Reputation: 7920
I looked here and here for information on my issue, but with no luck.
I made some python code that is intended to grab a webpage's source, as in Safari's Web Inspector. However, I have been getting different code from my application and Safari's Web Inspector. Here is my code so far:
#!/usr/bin/python
import urllib2
# headers
hdr = {'User-Agent': 'Mozilla/5.0 (Macintosh; Intel Mac OS X 10_8_3) AppleWebKit/536.28.10 (KHTML, like Gecko) Version/6.0.3 Safari/536.28.10',
'Accept': 'text/html,application/xhtml+xml,application/xml;q=0.9,*/*;q=0.8',
'Cache-Control': 'max-age=0'}
# request data
req = urllib2.Request("https://www.google.com/#q=rainbow&safe=active", headers=hdr)
# try to get data
try:
page = urllib2.urlopen(req)
print page.info()
except urllib2.HTTPError, e:
print e.fp.read()
content = page.read()
#print content
print content
And the headers match up to what is in Web Inspector:
The code returned is different, though, for a google search for "rainbow".
My python:
http://paste.ubuntu.com/6270549/
Web Inspector:
http://paste.ubuntu.com/6270606/
As far as I know, it seems that my code is missing a large number of the ubiquitous }catch(e){gbar_._DumpException(e)}
lines that are present in the Web Inspector code.
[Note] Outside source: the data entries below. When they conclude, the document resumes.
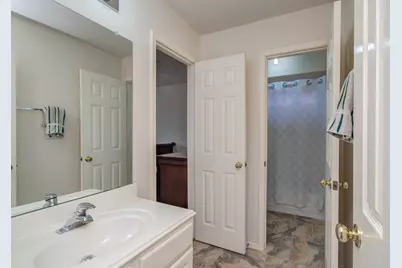 5109 Playa Drive, Pearland, TX 77584 - Photo 34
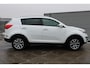 Kia Sportage 1.6 GDI ExecutiveLine Stoelverwarming / Navigatie / Camera / Schuifdak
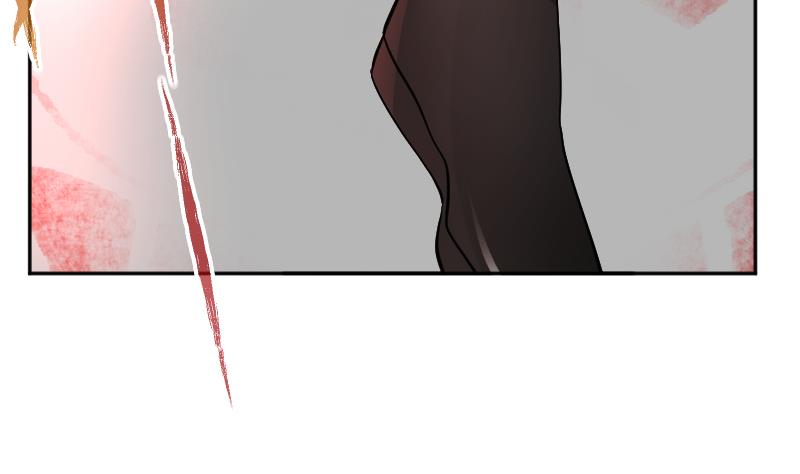 《天师是网红》第26话 天师的精血 第38页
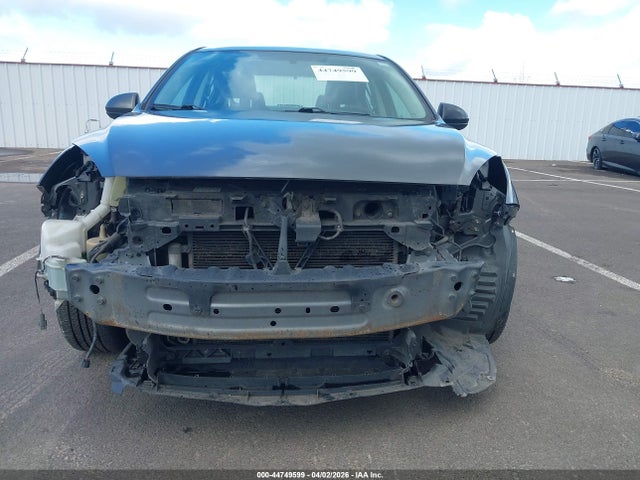 Aukcja sprzedaży 2012 Mazda Mazda3 I Grand Touring, vin: JM1BL1W81C1626318, numer aukcji: 44749599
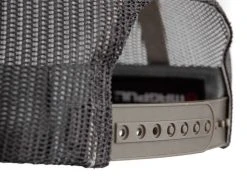 Magpul Go Bang Trucker 13 Magpul Go Bang Trucker -Tactical Clothing Shop magpul go bang trucker mag1102 34019.1602587747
Also, my code only has 78 lines, while the Web Inspector code has 235 lines. Does this mean that my code is not getting all of the javascript or some other portion of the webpage? How can I get my code retrieve the same data as the Web Inspector?
Upvotes: 1
Views: 227
Reputation: 7920
You are using the wrong link to search with google search- the correct link should be:
https://www.google.com/search?q=rainbow&safe=active
instead of:
https://www.google.com/#q=rainbow&safe=active
The second link will cause a redirect to Google's homepage when used in python, because it is incorrect (for some reason) when not used in Safari. This is why the code is different.
Upvotes: 1